In secondo luogo, i nostri articoli non cambieranno il mondo
per come vengono proposte le riflessioni in sé. I nostri pochi (cari) lettori
si ritrovano davanti ad analisi che possono sembrare poco approfondite e troppo
personali. Ma è tutto ragionato: la brevità nasce dalla consapevolezza che chi
non è interessato all’argomento non andrà mai oltre la terza pagina
dell’articolo e dalla fiducia che invece gli appassionati approfondiranno da
soli il poco che diciamo. La soggettività degli articoli invece non è un
problema: non c’è nessuna accademia che ci legga o che ci finanzi, per questo
motivo scriviamo oggettivamente di ciò che soggettivamente ci attrae.
Per esempio, l’idea di questo articolo è nata dalla mia
sorpresa di fronte a un incipit a dir poco straniante. Parlerò quindi del
racconto I leoni meccanici, che si trova nella raccolta Una tomba per
Boris Davidovič,[1]
del serbo Danilo Kiš (1935 - 1989).
Si tratta di una raccolta atipica, i cui racconti sono legati
da un unico filo conduttore: i loro protagonisti sono sempre uomini (innocenti)
che di punto in bianco la complessa macchina politica dell'URSS destina prima a
una forzata ammissione di colpa, poi al carcere e infine alla morte. Ma non si
tratta di un semplice libro a sfondo storico e politico: Kiš apprifitta della
somiglianza degli episodi per sviscerare di volta in volta i temi che ha più a
cuore. Non è infatti casuale il sottotitolo della raccolta: i "Sette
capitoli di una stessa storia" non sono infatti altro che sette occasioni
per affrontare i temi della nostra esistenza, dell'arte e della storia restando
sempre ancorati allo stesso soggetto.
Ho usato il termine straniante non a caso: l’apertura del
racconto mette il lettore in una posizione diversa dal solito e lo costringe a
riflettere su ciò che legge, come se per la prima volta osservasse qualcosa di
assolutamente comune sotto una luce nuova. Infatti, di norma un racconto viene
presentato come la narrazione veritiera di un fatto presentato in prima o in
terza persona, e solitamente il lettore accetta per vero quello che gli viene
raccontato, come per rispetto di un implicito patto di finzione che sta alla
base della lettura di un testo letterario.

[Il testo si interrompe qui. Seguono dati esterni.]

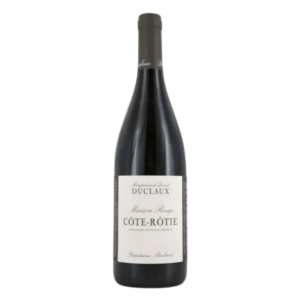 Domaine Duclaux, Côte Rôtie Rouge, 75 cl.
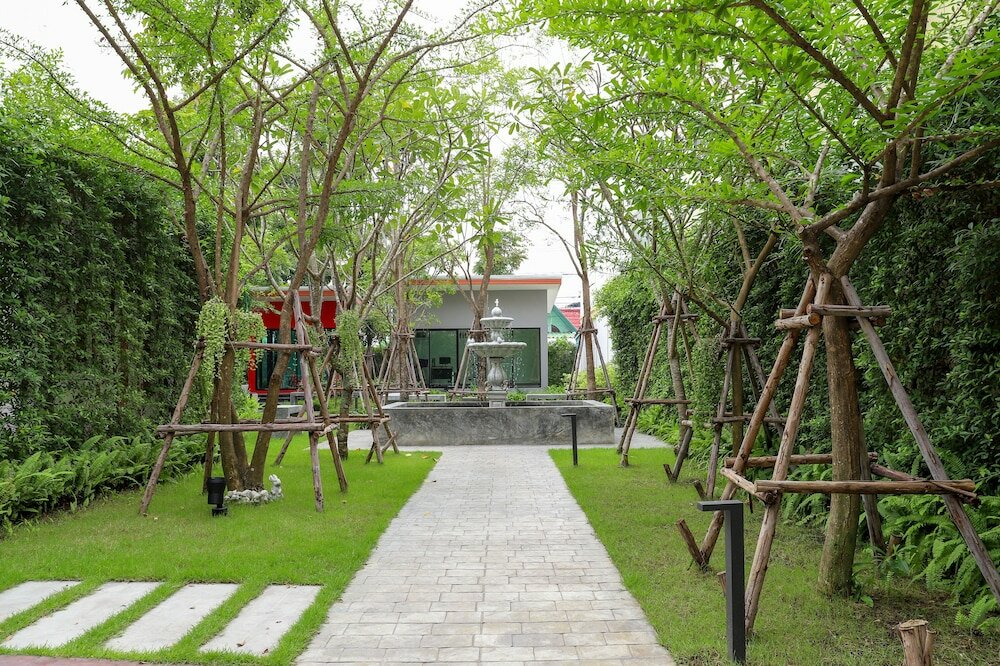 Фото Golden Sea Pattaya Hotel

In questo caso, invece, ci si
ritrova di fronte a qualcosa di diverso: nel primo capitolo l’autore dichiara apertamente
che l’unico personaggio storico della vicenda è già sufficientemente noto
grazie alla storiografia, e perciò non gli verrà assegnato molto spazio nella
trama:
L’unico
personaggio storico di questa vicenda, Édouard Herriot, [..] qui forse non avrà
un ruolo di grande rilievo. Non perché, diciamolo subito, sia meno importante,
per la nostra storia, di un altro soggetto – di fantasia, ma non per questo
meno realistico – che qui compare, bensì perché semplicemente sui personaggi storici
ci sono anche altri documenti. Non dimentichiamolo: Édouard Herriot fu inoltre
scrittore e memorialista, un uomo politico di grande levatura, e la sua
biografia si può trovare in ogni enciclopedia che si rispetti.[2]
Si tratta di una dichiarazione per niente banale: Danilo Kiš dichiara apertamente il ruolo secondario che la realtà gioca
nella letteratura e, in maniera del tutto innocente, mostra ai lettori i
meccanismi che stanno alla base di quel patto di finzione che di solito rimane
sottinteso e giustamente dimenticato. In questo modo, se sul primo personaggio
non si dilunga troppo e ritiene sufficiente la sua descrizione tratta da una
fonte ufficiale[3], sul
personaggio fittizio si concentra più a lungo e sente la necessità di descriverlo
come se il mondo lo conoscesse per la prima volta. E in effetti è così: Kiš esordisce dichiarando che si sa veramente poco di Čeljustnikov (è questo il suo nome), e poco alla volta la sua
descrizione si fa non solo più dettagliata, ma anche sempre più giustificata.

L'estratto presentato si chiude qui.